Negli Stati Uniti non c’è esposizione di una certa importanza, al Metropolitan, al Museum of Modem Art, al Whitney Museum o al Guggenheim, per fermarci a New York, che non sia annunciata all’ingresso dalla formula, Sesamo apriti!: «This exhibition has been made possible by a grant of X» [6], dove X è, si sa, non un mecenate anonimo, ma una multinazionale innamorata della cultura (è una interpretazione mia): Shell, Esso, Mobil Oil, Standard Oil, I.B.M. ecc.

Mi guardo bene dal denunciare una pratica che ci ha dato esposizioni notevoli tanto in America quanto, per contagio, in Europa. Ma sarebbe tanto errato quanto ingenuo non voler vedere ciò che questa pratica nasconde, insomma, gli interessi delle parti: qui lo sponsor, che dà tutto o in parte il denaro di cui il museo ha bisogno; là l’esposizione organizzata dal museo diviene, se non il supporto pubblicitario, almeno l’agente di prestigio per lo sponsor il cui marchio di fabbrica assume ai nostri giorni valore di bandiera (alzare la bandiera in nome dell’arte è ormai compito delle public relations).

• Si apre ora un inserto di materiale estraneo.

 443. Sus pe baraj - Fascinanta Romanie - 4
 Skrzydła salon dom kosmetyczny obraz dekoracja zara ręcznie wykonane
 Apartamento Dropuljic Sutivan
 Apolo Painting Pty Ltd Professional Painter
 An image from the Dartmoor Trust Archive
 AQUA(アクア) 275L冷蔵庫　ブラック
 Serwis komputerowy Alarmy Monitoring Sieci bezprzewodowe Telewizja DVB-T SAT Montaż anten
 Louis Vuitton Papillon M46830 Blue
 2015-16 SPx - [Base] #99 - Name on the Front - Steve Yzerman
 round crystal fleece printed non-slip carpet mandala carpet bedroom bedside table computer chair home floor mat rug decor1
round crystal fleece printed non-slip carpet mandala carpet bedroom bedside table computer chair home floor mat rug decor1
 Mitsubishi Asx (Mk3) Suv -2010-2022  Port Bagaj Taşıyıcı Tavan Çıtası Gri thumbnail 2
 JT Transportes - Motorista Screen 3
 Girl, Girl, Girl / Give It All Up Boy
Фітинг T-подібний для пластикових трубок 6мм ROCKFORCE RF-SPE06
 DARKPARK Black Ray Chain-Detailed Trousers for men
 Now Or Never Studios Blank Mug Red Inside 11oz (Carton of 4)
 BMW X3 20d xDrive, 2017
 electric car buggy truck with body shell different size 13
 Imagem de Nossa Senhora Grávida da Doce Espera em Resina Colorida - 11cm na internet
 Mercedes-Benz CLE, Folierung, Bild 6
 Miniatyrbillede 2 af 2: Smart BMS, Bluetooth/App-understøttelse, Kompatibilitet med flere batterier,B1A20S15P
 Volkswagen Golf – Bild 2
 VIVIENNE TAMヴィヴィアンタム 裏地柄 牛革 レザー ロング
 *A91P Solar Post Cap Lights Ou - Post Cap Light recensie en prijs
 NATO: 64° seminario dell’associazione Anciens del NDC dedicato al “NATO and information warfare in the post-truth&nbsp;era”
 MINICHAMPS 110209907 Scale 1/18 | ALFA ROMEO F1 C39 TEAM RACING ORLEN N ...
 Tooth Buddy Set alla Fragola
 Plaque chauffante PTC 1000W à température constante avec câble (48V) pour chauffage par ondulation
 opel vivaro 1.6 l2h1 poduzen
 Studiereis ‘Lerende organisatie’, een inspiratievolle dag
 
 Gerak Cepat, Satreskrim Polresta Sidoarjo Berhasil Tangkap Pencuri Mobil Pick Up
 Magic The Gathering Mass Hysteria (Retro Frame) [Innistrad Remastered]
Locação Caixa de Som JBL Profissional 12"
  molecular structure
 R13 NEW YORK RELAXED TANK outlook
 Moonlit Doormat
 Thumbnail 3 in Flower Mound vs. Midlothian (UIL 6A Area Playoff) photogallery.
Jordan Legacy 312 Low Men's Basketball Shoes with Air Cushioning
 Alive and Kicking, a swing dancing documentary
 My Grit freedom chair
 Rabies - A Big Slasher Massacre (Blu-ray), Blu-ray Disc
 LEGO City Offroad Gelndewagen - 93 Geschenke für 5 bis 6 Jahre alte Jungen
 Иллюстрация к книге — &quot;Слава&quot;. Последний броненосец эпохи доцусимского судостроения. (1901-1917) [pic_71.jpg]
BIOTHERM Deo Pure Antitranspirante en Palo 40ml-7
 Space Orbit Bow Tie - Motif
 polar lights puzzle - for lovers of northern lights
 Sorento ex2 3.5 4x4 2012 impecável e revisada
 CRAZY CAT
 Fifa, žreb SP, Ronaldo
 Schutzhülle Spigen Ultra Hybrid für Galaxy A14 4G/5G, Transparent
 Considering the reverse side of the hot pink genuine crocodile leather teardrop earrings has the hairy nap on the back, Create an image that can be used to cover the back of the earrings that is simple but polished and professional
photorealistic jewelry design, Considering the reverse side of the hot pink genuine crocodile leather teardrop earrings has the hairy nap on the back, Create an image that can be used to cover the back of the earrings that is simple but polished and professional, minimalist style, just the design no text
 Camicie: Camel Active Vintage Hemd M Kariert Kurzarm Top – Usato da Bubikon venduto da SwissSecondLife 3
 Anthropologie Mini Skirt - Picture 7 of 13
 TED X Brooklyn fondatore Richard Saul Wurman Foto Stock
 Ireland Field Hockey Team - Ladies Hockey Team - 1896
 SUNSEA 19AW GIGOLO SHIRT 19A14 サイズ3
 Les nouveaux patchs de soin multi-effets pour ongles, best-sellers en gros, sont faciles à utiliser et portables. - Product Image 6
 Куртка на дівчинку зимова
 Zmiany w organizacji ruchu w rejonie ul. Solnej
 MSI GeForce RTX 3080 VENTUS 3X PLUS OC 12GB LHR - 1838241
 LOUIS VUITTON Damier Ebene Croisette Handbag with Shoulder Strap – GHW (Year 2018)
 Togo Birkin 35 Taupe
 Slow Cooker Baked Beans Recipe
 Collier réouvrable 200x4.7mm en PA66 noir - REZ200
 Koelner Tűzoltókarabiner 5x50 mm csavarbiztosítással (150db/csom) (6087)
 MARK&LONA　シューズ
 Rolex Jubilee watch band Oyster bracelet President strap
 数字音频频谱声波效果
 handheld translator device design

Sono lontani i tempi in cui un Baudelaire poteva, spesso molti mesi dopo l’esposizione al Salon, mettere per iscritto le sue impressioni e riflessioni con tutta calma. Oggi si vuole che il critico si pronunci immediatamente su quella che si chiama l’attualità ordinaria dei media (svolgerò più avanti questo punto). Il settimanale, e tanto più il quotidiano, pongono al critico condizioni del tutto nuove. Spazio e tempo sono misurati. Lo voglia o no, il suo pensiero deve adattarsi a queste costrizioni; omesse le sfumature, il suo giudizio diventa tagliente.
Si tratta di «coprire» in un’area determinata dalla diffusione della pubblicazione il numero maggiore possibile di «avvenimenti» o almeno i più importanti o i più significativi [7]. Non voglio dire che il «sensazionale» sia diventato la sostanza della critica d’arte giornalistica; dico soltanto che è un ingrediente a cui pochi scrittori oppongono un rifiuto quando si presenta. Ne è prova l’attesa avida dei critici in occasione delle mostre di Salvador Dalì, uno dei primi che abbiano inteso il vantaggio, non dico soltanto il profitto, che un artista può trarre dall’attualità.

note:

[5] Questa nozione di proprietà vorrebbe essere più ampiamente svolta. Infatti, le arti figurative, come la pittura, la scultura, la grafica, esistono solo su supporti materiali. Diversamente dalle altre arti, teatro, balletto, concerto, poesia che si svolgono nel tempo, esse sono assimilabili per natura a beni mobili e commerciabili. È anche necessario che non siano troppo grandi, né troppo pesanti, e che siano facilmente trasportabili. Ne è dimostrazione il mercato parallelo delle opere rubate. Per quanto ne so io, non sono mai stati rubati, nel senso letterale del termine, né balletti né opere in musica. E, per quanto riguarda le arti figurative, si può escludere il furto di una cattedrale o di una chiesa; prospera invece il commercio dei quadri e delle statue. L’attività del furto di opere d’arte si svolge esattamente nel campo del mercato dell’arte, là dove si esercita il diritto di proprietà.

[6] «Questa esposizione è stata sovvenzionata da X».

[7]Questi due aggettivi non si riferiscono soltanto a criteri artistici; costituiscono un amalgama in cui si trovano elementi di mondanità, di sorpresa. Vengono in mente gli articoli provocati dalle pitture di Yves Klein, quando impresse sulle sue tele le impronte di donne nude dipinte precedentemente di blu.